Yes, that is an option for blood. It’s not nearly as interesting as that may sound.

Others are a little more strategic, so much so that it’s somewhat of a shame they weren’t expanded on in later games. One option is introduce “specialist” worms – with each of your worms only able to use a specific group of weapons. Lose that worm and you lose those weapons, forcing you to try and prioritize the safety of each member of your team depending on what they have to offer. Another modifier requires you to set up a team arsenal before a match, “buying” an ammunition stock that you may have to rely on through the whole match. “Forts mode” in particular would see several reappearances, placing two teams atop two massive buildings standing across from one another, forcing them to take pot shots to take out each other’s cover and get to the worms hiding within.

Fort mode is the ultimate test of all your Scorched Earth skills.

Also included are missions for the multiplayer mode, which can’t be played with AI opponents. These are often more complex than simply killing the other team. You might have to reach a certain crate before the other team to achieve victory, or you may have to launch your worms out of a cannon to damage your opponent.
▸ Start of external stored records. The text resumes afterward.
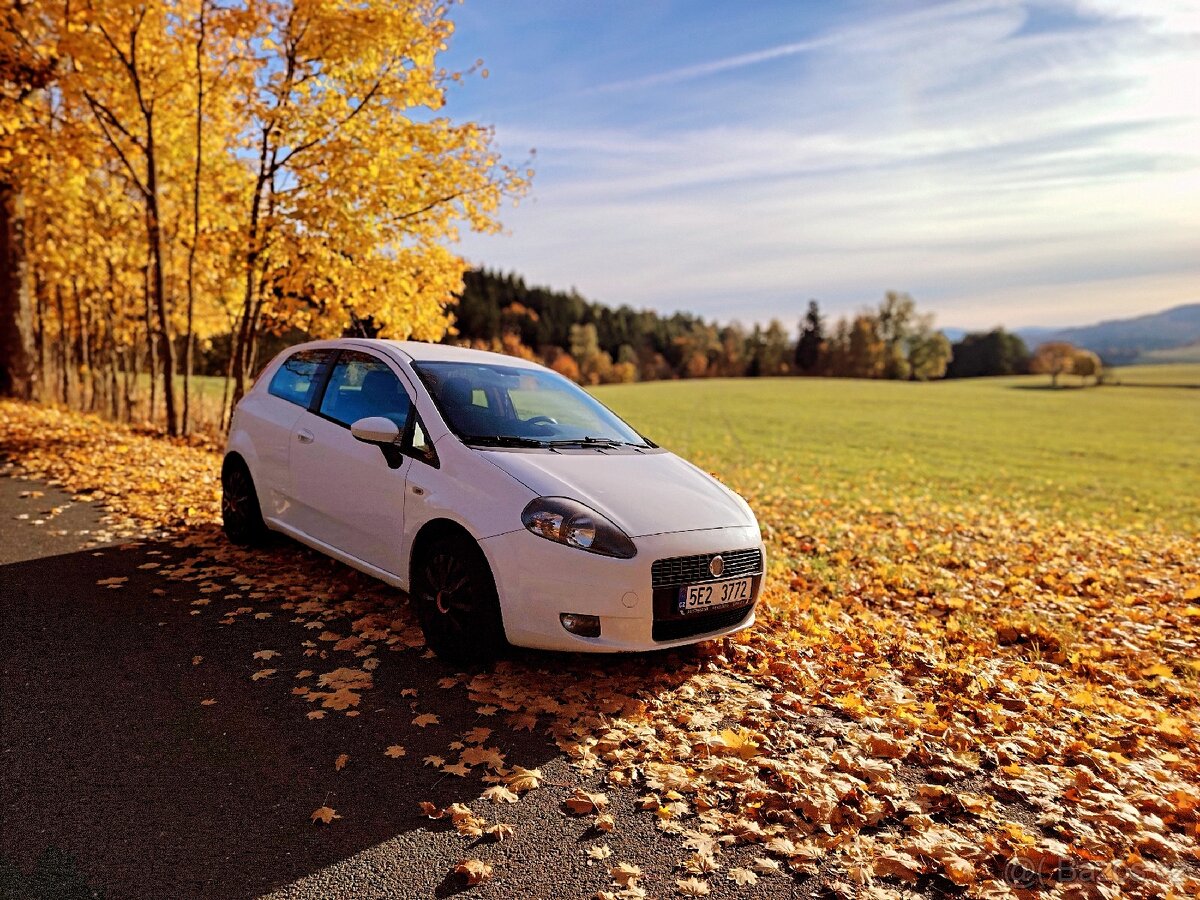 Prodám Fiat Grande Punto 1.3 JTD 66kW Multijet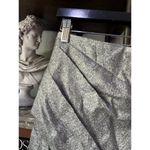 RTA Cheyenne Metallic Asymmetric Mini Skirt Silver Womens Size 8 Photo 10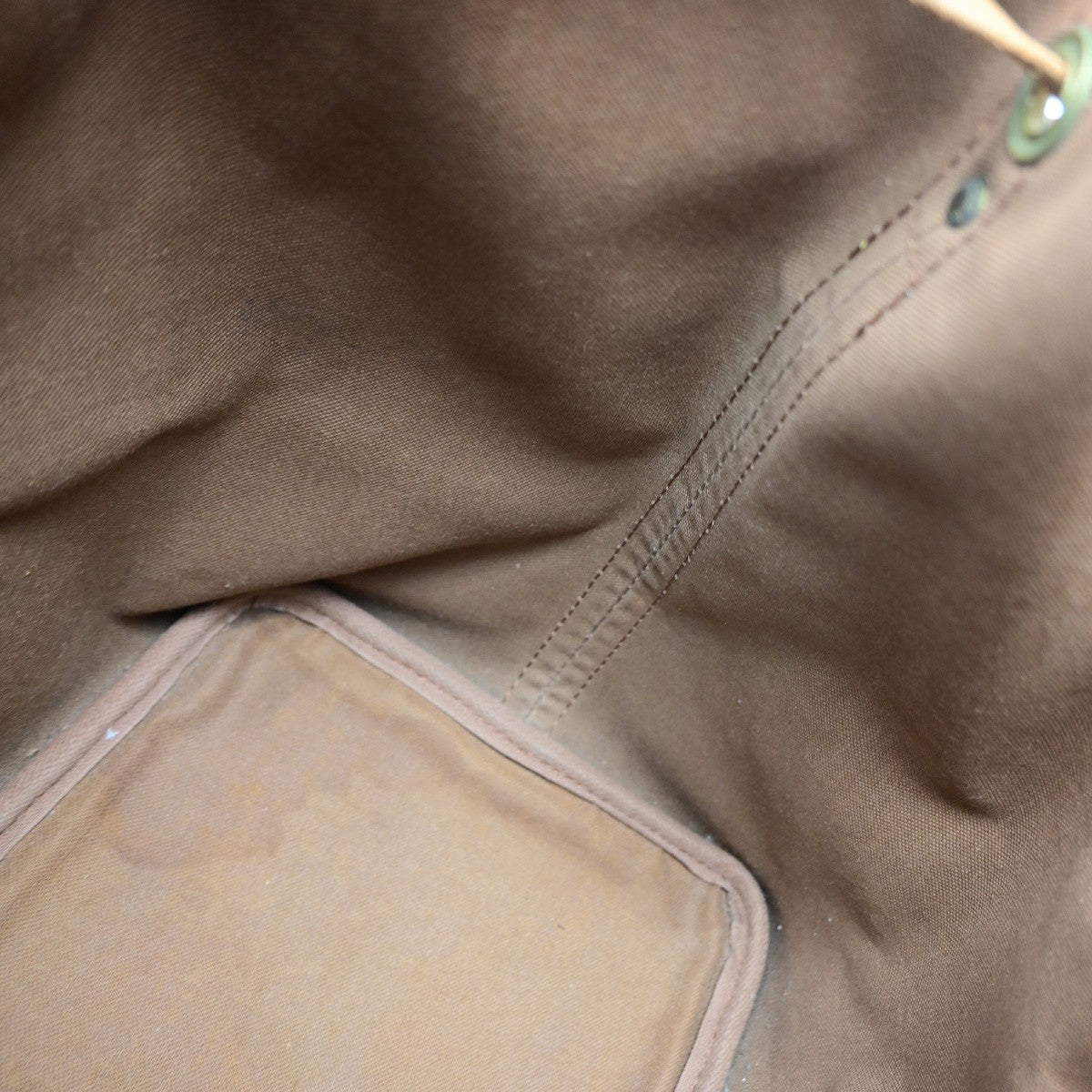 LOUIS VUITTON Petit Noe Drawstring Shoulder Bag Monogram Leather M42226 70MA705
They’re neat ideas, offering something akin the alternate gameplay styles fans devised for Armageddon in far more structured manner. Unfortunately, they’re also somewhat more convoluted than the tried and test standard deathmatch modes. On the single player end, there’s also a brand new set of missions, once again asking you to accomplish goals like killing worms and collecting crates under a variety of conditions. A new set of ‘Time Attack’ missions are avaiable as well, asking you to grab a crate as quickly as possible with only the weapons you’re given.

You might think simulating a pachinko machine in a Worms game wouldn’t really work. It doesn’t, but they sure tried.

Overall, unless you’re desperate for a brand new set of single player content to play through, there’s not much from World Party you wouldn’t get from Armageddon. It’s more of an expansion pack disguised as a new game. It’s also far less popular online, most fans being more than content with the prequel. A “remastered” version of the game can be found on digital storefronts, much like Armageddon. It features support for higher resolutions, achievements, support for modern controllers, and cloud saving, which sounds fairly nice. Unfortunately, it also has a reputation for bugs, running poorly, issues with internet play, and doesn’t feature the many improvements from fans added to Armageddon’s rerelease.

The Dreamcast version, the first to see release, has all the same quirks as the system’s Armageddon port. It’s also missing the Wormpot entirely, removing the only reason to play it now that online play on the Dreamcast isn’t very feasible. The Playstation version includes Wormpot, but suffers from the lower resolution graphics of Armageddon’s port.

The Game Boy Advance version has plenty of issues, but it’s certainly far beyond any portable version previously featured in the series. It gets a lot of the broad details right, with play for up to four players, a stripped down Wormpot, the ability to change options the console versions would lock off, and a shocking amount of weapons, considering previous ports. Its biggest problem is that the physics feel very strange, more than enough to make playing this port for long periods annoying. Things that should explode don’t, explosions often send worms flying in the wrong direction, and the ninja rope whips back and forth wildly no matter how much momentum you give it. It’s a much better effort than Armageddon, and comes achingly close to being great, but it’s still not a handheld option one should settle for.

The N-Gage version, sadly lost for all but the rare few that still own theirs, features graphics and sound about on par with the Playstation version. Even more elusive is the Gizmondo port, which has very little, if any, information to be found on it on across the internet.